Generator-jhipster: ngx-couchbase intermittent Test Failures

Created on 10 Oct 2019  Β·  48Comments  Β·  Source: jhipster/generator-jhipster

Overview of the issue

This issue was created from the discussion at https://github.com/jhipster/generator-jhipster/issues/10589. It seems that ngx-couchbase tests on our CI seems to hang and fail sometimes. Here are some examples;

https://github.com/jhipster/generator-jhipster/pull/10498/checks?check_run_id=254018117

https://dev.azure.com/jhipster/jhipster/_build/results?buildId=6316

Motivation for or Use Case

Getting the CI tests in working condition without problems.

Reproduce the error

Submitting a PR or making a commit so that the CI is triggered might recreate the issue.

Related issues

10589

Suggest a Fix

Currently not known.

  • [x] Checking this box is mandatory (this is just to show you read everything)
$$ bug-bounty $$ $100 area couchbase

Most helpful comment

@SudharakaP Are you downgrading the couchbase java-client version?
The dependency is already defined in jhipster bom project : see https://github.com/jhipster/jhipster/blob/master/jhipster-dependencies/pom.xml#L274
Current version defined is 2.7.9 : https://github.com/jhipster/jhipster/blob/master/jhipster-dependencies/pom.xml#L46

All 48 comments

Thanks.
I'm adding a bounty on this as it is important to be fixed quickly.

@vishal423 @pascalgrimaud : I've just noticed that couchbase runs on the prod profile. Is there a specific reason to do so? :smile:

The best would be to test both: dev and prod
But it would be too much configurations to test.

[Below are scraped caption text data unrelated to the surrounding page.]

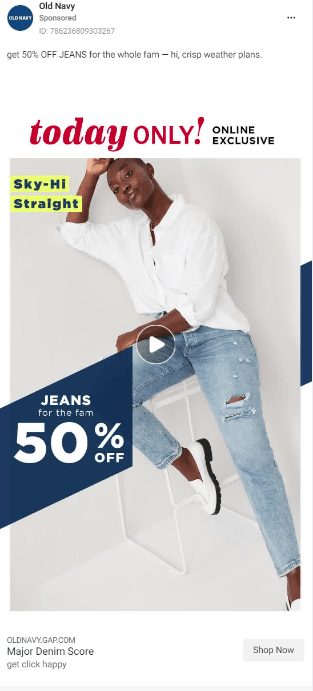 Old Navy - Denim Ad Facebook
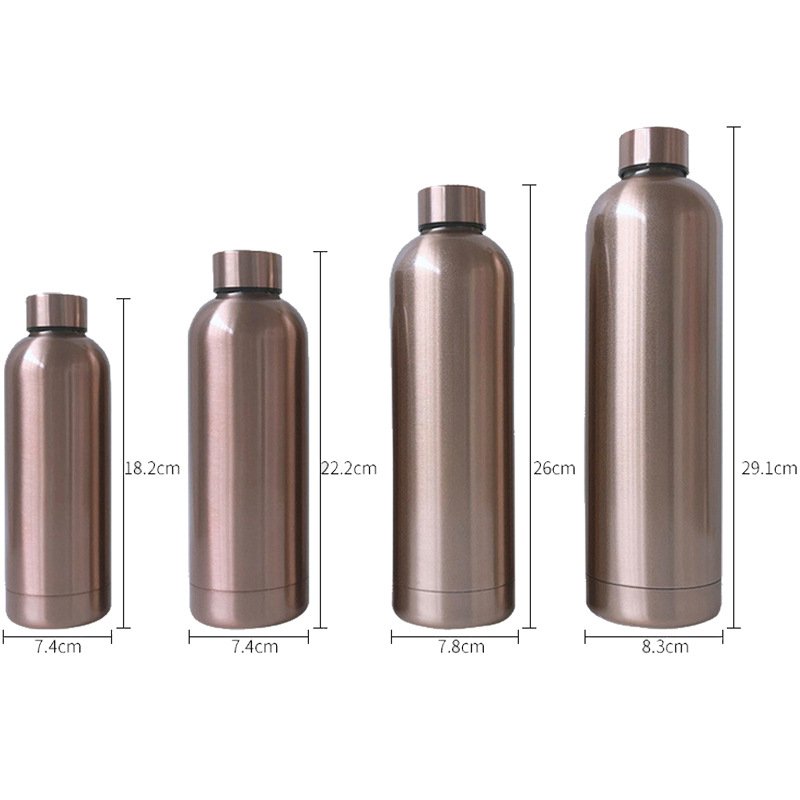 Drinking bottle 350ml 500ml 750ml 1000ml Stainless Steel Water Bottle Double Wall Vacuum Flask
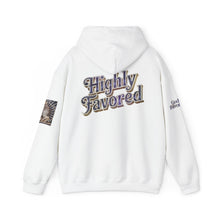 Load image into Gallery viewer, 💎✨ Royalty “Blessed” Luxe Hoodie – Blue‑Diamond v2, Gold &amp; Platinum‑Infused ✨💎 Unisex Heavy Blend™ Hooded Sweatshirt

There are no specific reason, that couchbase is tested in prod profile.
It could be in dev and Cassandra could be in prod

@pascalgrimaud : That is indeed interesting; because when you run in dev it works; https://github.com/SudharakaP/generator-jhipster/runs/255327289 :thinking:

Have to think more on why it runs correctly only in dev. :thinking: :thinking:

no idea. Never tested couchbase lol !

I can do some more tests today evening to find the root cause; but if someone wants to take this and fix it before that; please feel free to go ahead. πŸ˜„

@pascalgrimaud @vishal423 : I believe I found the problem here. It seems that the javadoc (via the maven javadoc plugin) runs on java 1.8.0_22; because we manually set JAVA_HOME in 00-init-env.sh. But notice that on Github Actions when Java 11 is installed (via the initial setup-java@v1) JAVA_HOME is already set to /opt/hostedtoolcache/Java/11.0.3/x64 and this value is overwritten by our 00-init-env.sh script and thus the javadoc ultimately uses the default java version installed in the build machine; which seems to be 1.8.0_22.

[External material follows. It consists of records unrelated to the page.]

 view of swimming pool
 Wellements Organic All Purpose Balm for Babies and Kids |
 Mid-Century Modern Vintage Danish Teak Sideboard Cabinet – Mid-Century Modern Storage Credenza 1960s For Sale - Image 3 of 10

What we need to do is for GitHub CI not change the JAVA_HOME value. I've done some tests with this and it works. I will do this modification to the current PR soon. :smile:

Okay I've completed the changes. Let me know if you guys see any issues :smile:

I am not very sure on this solution. However, if it solves current issue, then, there is no harm to try this out.

@pascalgrimaud : I've created a pull request for the daily builds as well to replace it with OpenJDK instead of the default Zulu. It seems to work in my Azure builds.

@vishal423 : I don't think highly of this solution as well; but it does indeed seems to work; and my theory is that the JAVA_HOME needs to be set correctly when it comes to TestContainers. We shall see..... :thinking:

@SudharakaP, this theory doesn't explain on why it worked intermittently :smile:

@vishal423 : It does not. Then again it is also difficult to exactly predict what would happen when we set JAVA_HOME to something and use some other JDK in the CI. Therefore regardless whether the change fixes this issue completely or not; I think it should be made just so we use the same JDK for everything and JAVA_HOME is set property. I am waiting to see more PRs and what would happen.... :smile:

I was looking at these Couchbase issues more to find out the exact underlying problem; mainly because I felt there's something I am missing that is fundamentally common to both our daily builds problem and this one.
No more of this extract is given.